- **Instructions for the task**
The answer should be every line below, repeated exactly, with the images left out.

════════

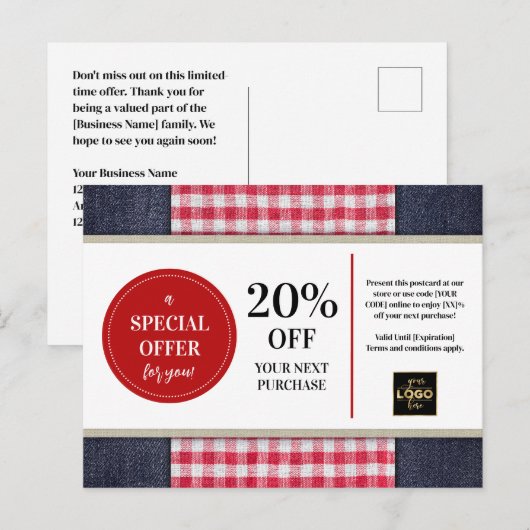 Land Western Denim Gingham Coupon Korting Briefkaart (Voorkant / Achterkant)
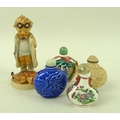 A collection of Chinese perfume bottles, two with jade stoppers, each 6.5cm high, together with a Hu... 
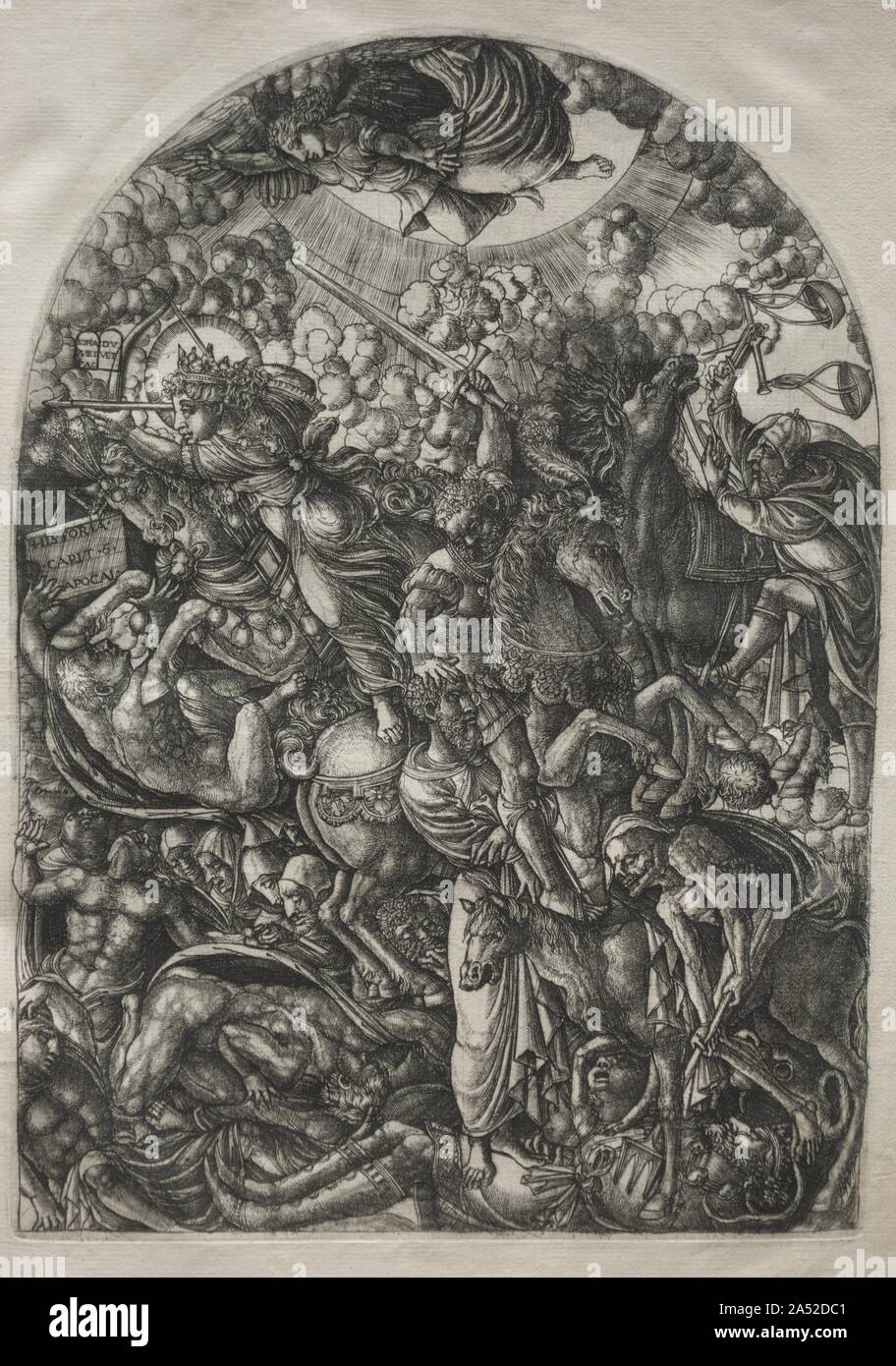 The Apocalypse: St. John Sees the Four Riders, 1546-1556. This print is part of a bound volume of works illustrating the a narrative of the Apocalypse, taken from the Revelation of Saint John in the Bible. The 23 engravings in the series occupied the artist for a number of years and represent his greatest artistic achievement. The museum's volume is one of only seven known complete sets. Jean Duvet was one of the first major printmakers in France and one of the most original artists of the 1500s. Although he worked mostly in the provincial city of Langres, he became aware of Italian art throug Stock Photo
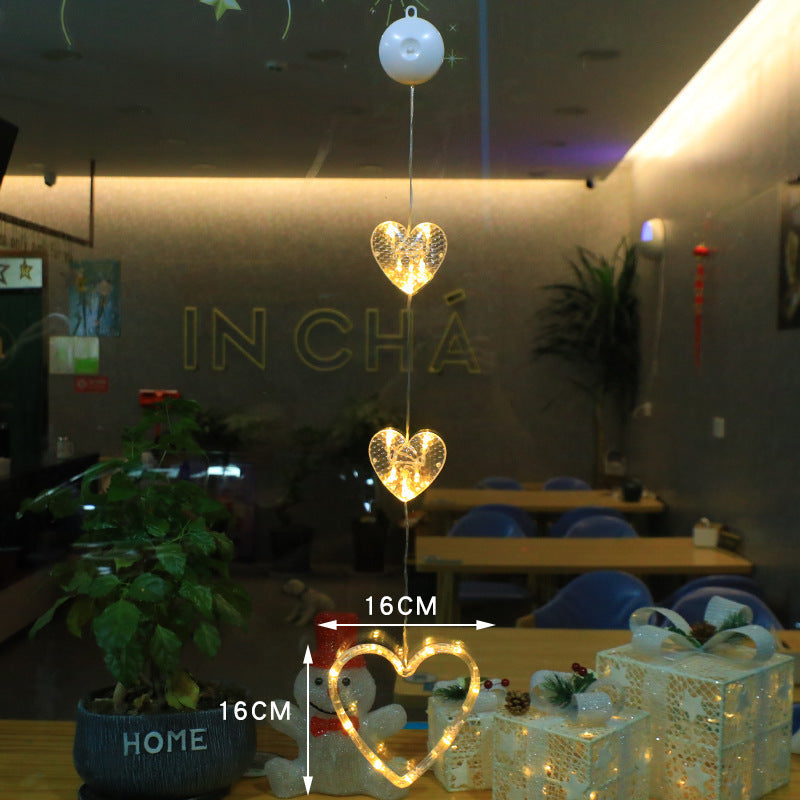 Christmas Star Hanging Lamp with Heart-Shaped Design for Festive Holiday Decor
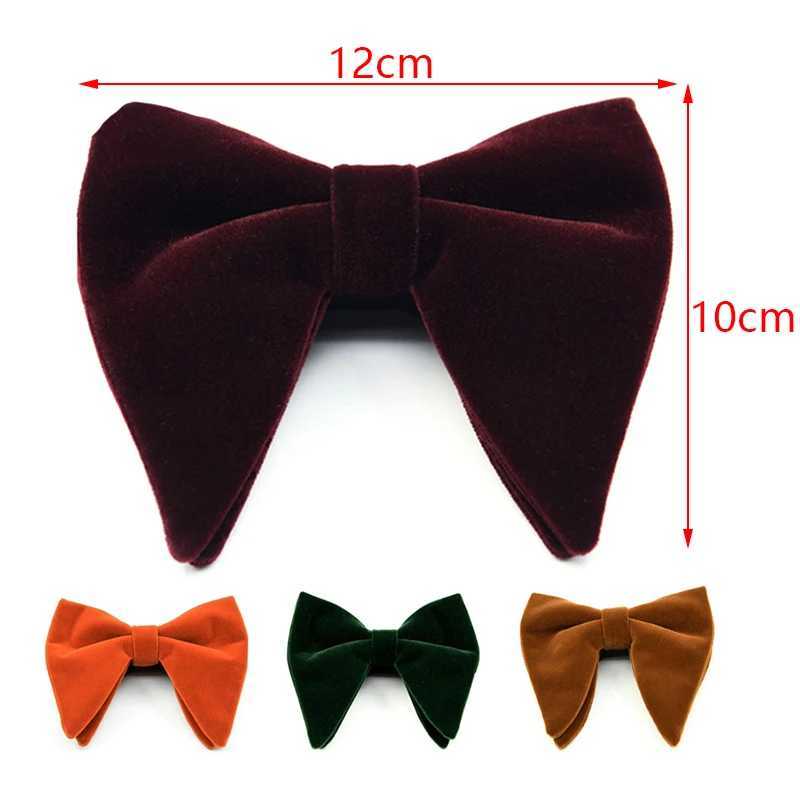 New fashion velvet big bow suitable for mens Gro wedding bow tight solid color Gravatas ultra-thin black tie accessory Y240925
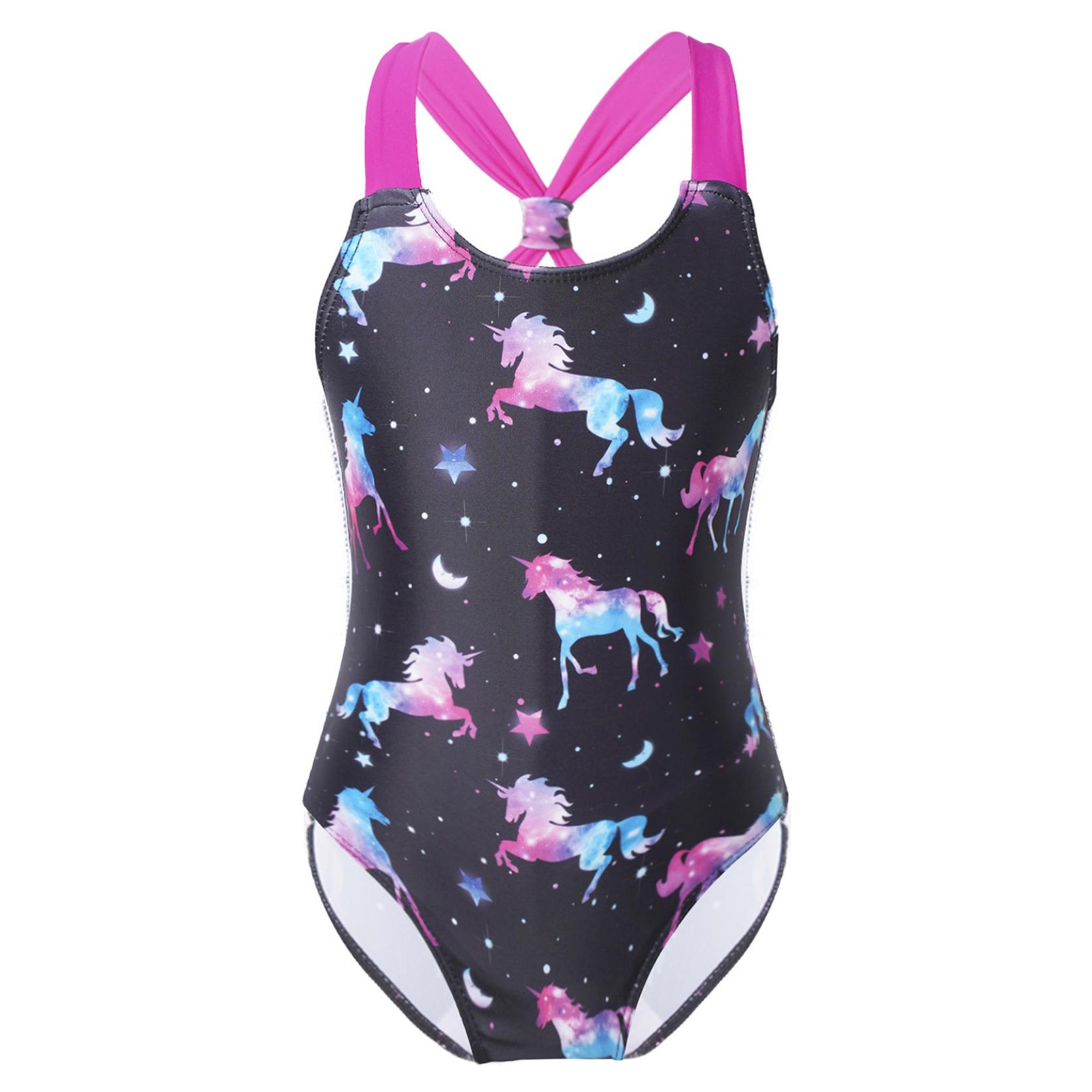IEFiEL Kinderen meisjes cartoon strandkleding eendelige bodysuit mouwloos gekruist badpak sport atletisch badpak 14-16 Years zwart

════════

- **Answer space**
 Land Western Denim Gingham Coupon Korting Briefkaart (Voorkant / Achterkant)
 A collection of Chinese perfume bottles, two with jade stoppers, each 6.5cm high, together with a Hu... 
 The Apocalypse: St. John Sees the Four Riders, 1546-1556. This print is part of a bound volume of works illustrating the a narrative of the Apocalypse, taken from the Revelation of Saint John in the Bible. The 23 engravings in the series occupied the artist for a number of years and represent his greatest artistic achievement. The museum's volume is one of only seven known complete sets. Jean Duvet was one of the first major printmakers in France and one of the most original artists of the 1500s. Although he worked mostly in the provincial city of Langres, he became aware of Italian art throug Stock Photo
 Christmas Star Hanging Lamp with Heart-Shaped Design for Festive Holiday Decor
 New fashion velvet big bow suitable for mens Gro wedding bow tight solid color Gravatas ultra-thin black tie accessory Y240925
IEFiEL Kinderen meisjes cartoon strandkleding eendelige bodysuit mouwloos gekruist badpak sport atletisch badpak 14-16 Years zwart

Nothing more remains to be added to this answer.